* **Data**
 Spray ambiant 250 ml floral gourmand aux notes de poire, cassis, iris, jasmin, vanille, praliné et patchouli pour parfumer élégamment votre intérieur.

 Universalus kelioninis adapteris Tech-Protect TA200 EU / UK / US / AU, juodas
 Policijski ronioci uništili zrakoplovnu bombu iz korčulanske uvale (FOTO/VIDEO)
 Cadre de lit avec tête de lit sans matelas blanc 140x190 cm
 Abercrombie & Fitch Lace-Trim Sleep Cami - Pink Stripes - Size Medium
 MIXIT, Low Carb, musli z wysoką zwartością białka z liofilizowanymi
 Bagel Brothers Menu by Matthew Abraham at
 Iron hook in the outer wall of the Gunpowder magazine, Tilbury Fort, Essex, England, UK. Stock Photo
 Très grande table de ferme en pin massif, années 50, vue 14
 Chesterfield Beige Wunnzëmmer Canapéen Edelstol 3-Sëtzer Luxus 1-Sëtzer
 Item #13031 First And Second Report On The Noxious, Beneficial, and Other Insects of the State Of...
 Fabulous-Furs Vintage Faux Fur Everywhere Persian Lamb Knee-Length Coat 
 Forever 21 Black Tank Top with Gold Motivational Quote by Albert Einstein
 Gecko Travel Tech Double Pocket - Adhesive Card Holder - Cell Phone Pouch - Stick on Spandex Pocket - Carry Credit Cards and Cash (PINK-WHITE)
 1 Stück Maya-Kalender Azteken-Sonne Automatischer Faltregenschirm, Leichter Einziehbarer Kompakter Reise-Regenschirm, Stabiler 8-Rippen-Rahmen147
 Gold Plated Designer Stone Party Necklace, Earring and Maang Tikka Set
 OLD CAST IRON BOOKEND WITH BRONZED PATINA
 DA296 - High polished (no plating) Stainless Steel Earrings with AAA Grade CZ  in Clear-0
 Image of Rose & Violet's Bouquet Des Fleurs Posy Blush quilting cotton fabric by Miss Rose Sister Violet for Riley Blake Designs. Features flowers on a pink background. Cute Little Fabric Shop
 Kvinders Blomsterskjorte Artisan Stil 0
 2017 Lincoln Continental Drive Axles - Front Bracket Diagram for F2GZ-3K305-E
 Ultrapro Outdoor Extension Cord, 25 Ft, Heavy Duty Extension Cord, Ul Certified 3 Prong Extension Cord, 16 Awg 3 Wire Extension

* **Exercise brief**
Above are the entries; copy every line among them that contains the word "Tech".

* **Your solution**
 Universalus kelioninis adapteris Tech-Protect TA200 EU / UK / US / AU, juodas
 Gecko Travel Tech Double Pocket - Adhesive Card Holder - Cell Phone Pouch - Stick on Spandex Pocket - Carry Credit Cards and Cash (PINK-WHITE)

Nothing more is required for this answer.